** Materials provided follows **

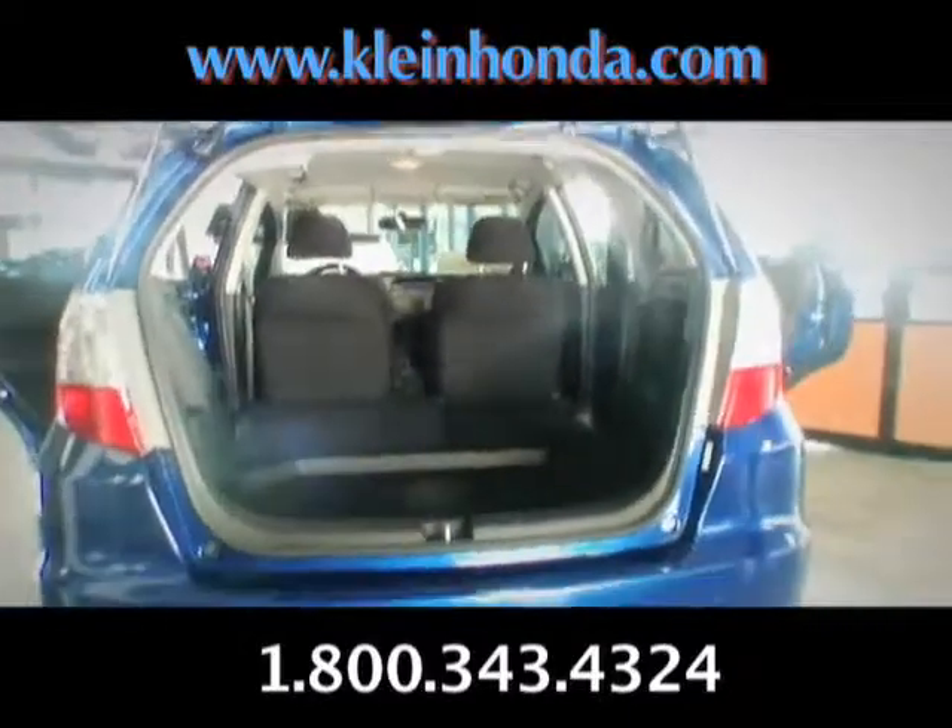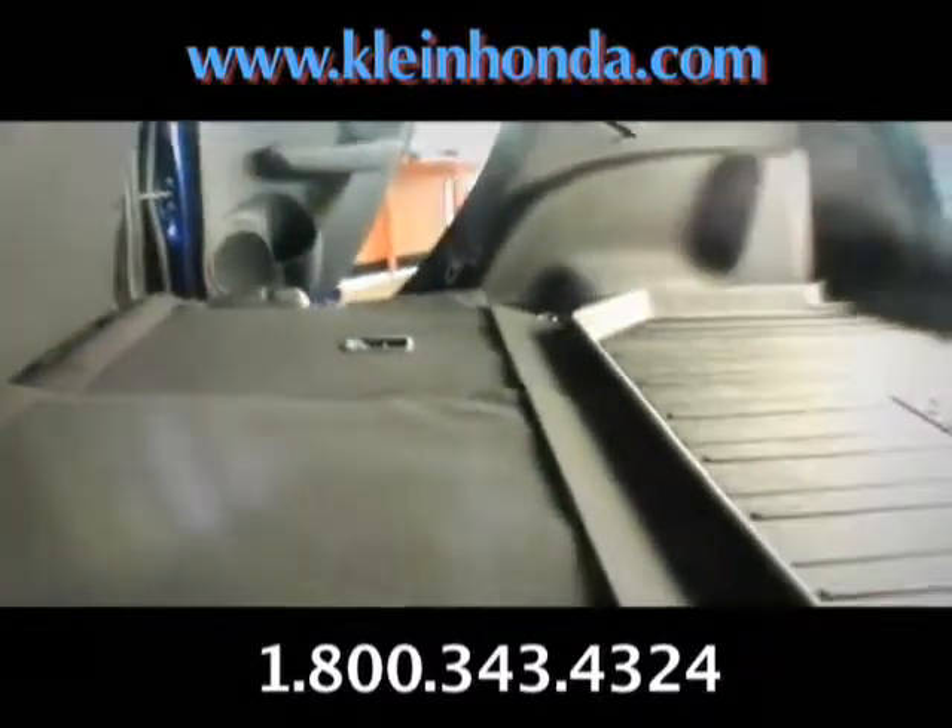Here I am looking at the Honda Fit at Klein Honda. Look at all that room with the back seats folded down — now that is huge.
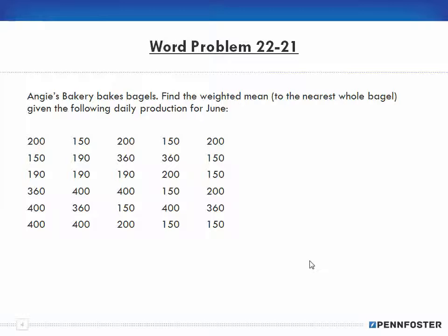The next problem: Angie's Bakery bakes bagels. Find the weighted mean to the nearest whole bagel given the following daily production for June. We need to write down all our data points and tally them because we want to find the weighted mean.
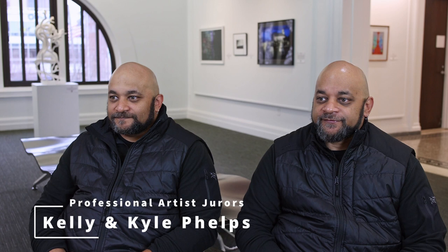Hello, I'm Kelly Phelps. I'm a professor at Xavier University where I teach sculpture and ceramics. And I am Kyle Phelps and I teach sculpture at the University of Dayton.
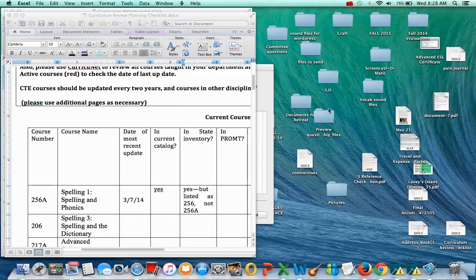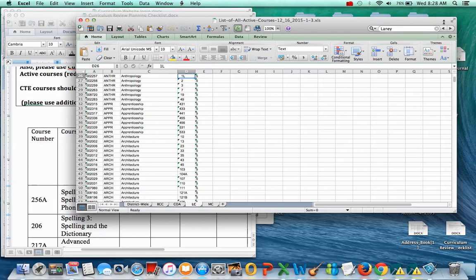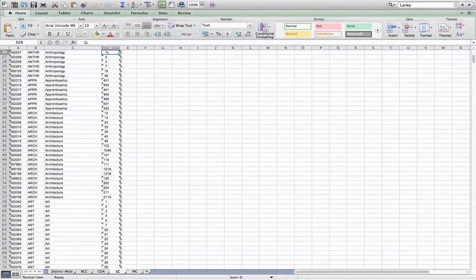Open that up. When that opens up, it's an Excel file. You'll see there are tabs for the different colleges. So you want to make sure you're looking at Laney College here, not one of the other colleges.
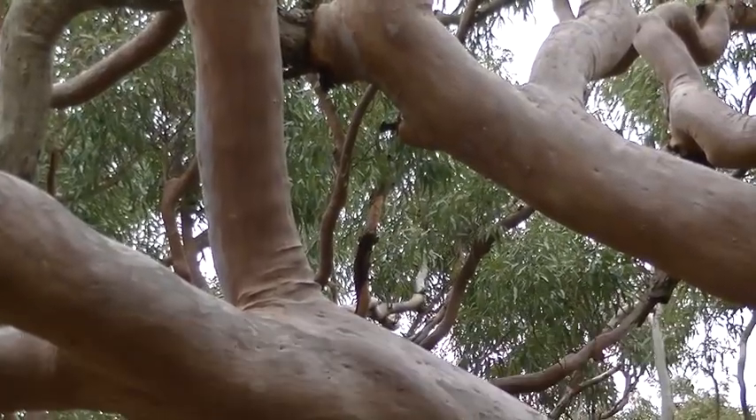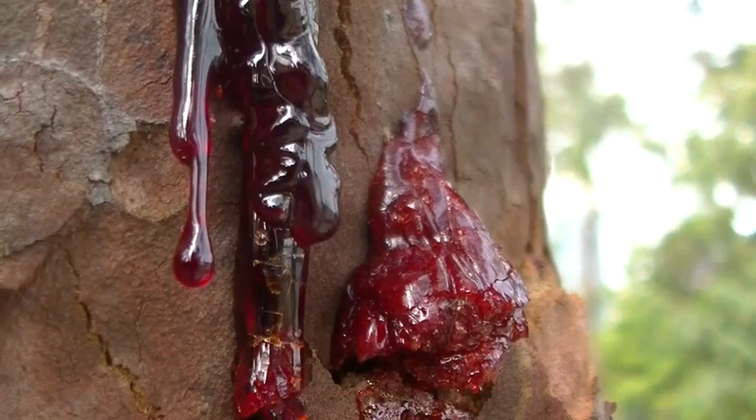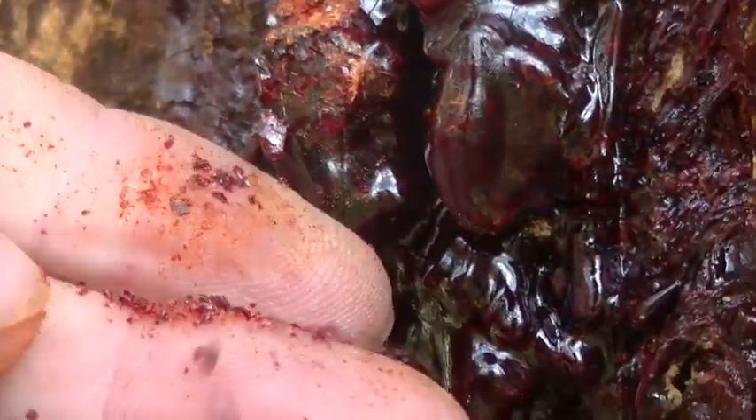It was prized by the aboriginals for its disinfecting qualities. The sap was collected, boiled in water until dissolved, and then rubbed onto sores and cuts.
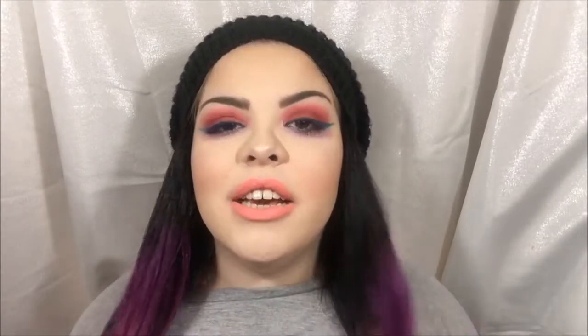Hello everybody and welcome to my channel, my name is Tony. I'm so excited, finally doing an Ariel inspired look.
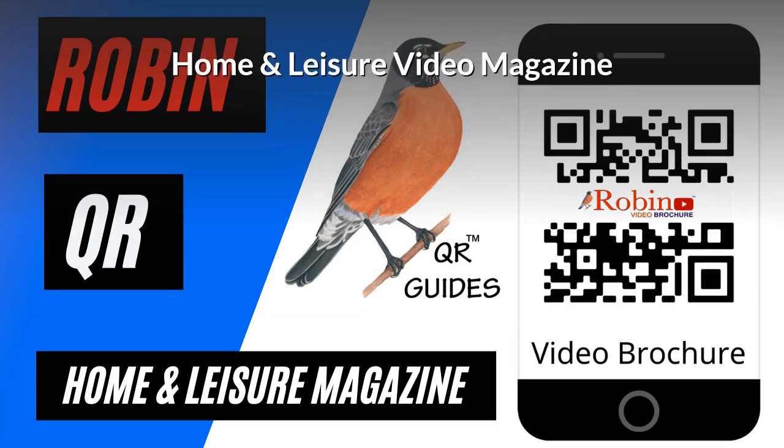Home and Leisure video magazine — we developed that first in the 80s, and now it's all digital and it's simple, used with a QR code.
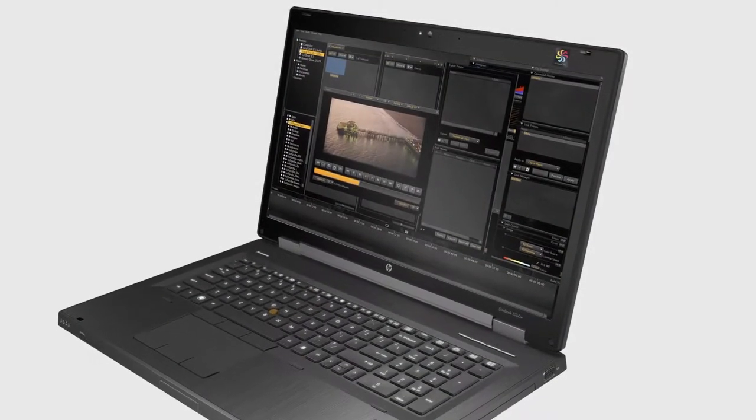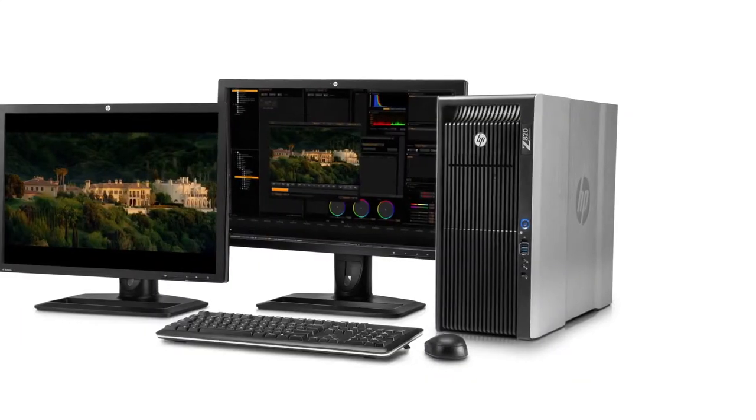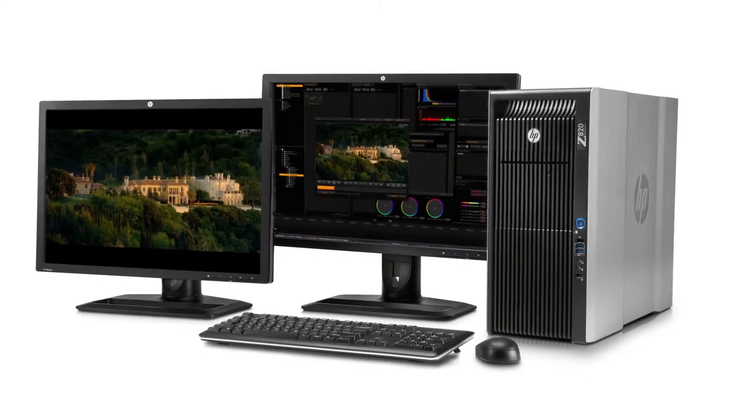The entire motion picture industry moved from analog chemicals to digital non-chemical workflows to do every step of the process. Data paths and reliable computing systems are absolutely critical to the workflow and to the success of projects, and that's where HP has the right tool for the right job these days.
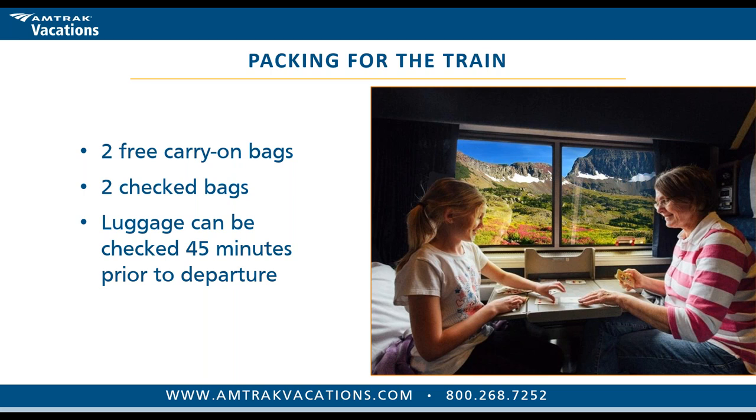Regarding packing: you're allowed two free carry-ons per person of up to 50 pounds each, and two checked bags per person. Luggage can be checked as close as 45 minutes ahead of departure. We suggest arriving about an hour ahead of time — not like airports where you need an hour and a half to three hours. With Amtrak you can comfortably arrive an hour before, check luggage at 45 minutes, and board the train simply and easily.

** End of Materials provided **

__Exercise__.
Out of the records above, set down only the lines from the one that contains "Home and Leisure" through the one that contains "The entire motion", unchanged and without the pictures.

__Solution to the exercise__.
Home and Leisure video magazine — we developed that first in the 80s, and now it's all digital and it's simple, used with a QR code.
The entire motion picture industry moved from analog chemicals to digital non-chemical workflows to do every step of the process. Data paths and reliable computing systems are absolutely critical to the workflow and to the success of projects, and that's where HP has the right tool for the right job these days.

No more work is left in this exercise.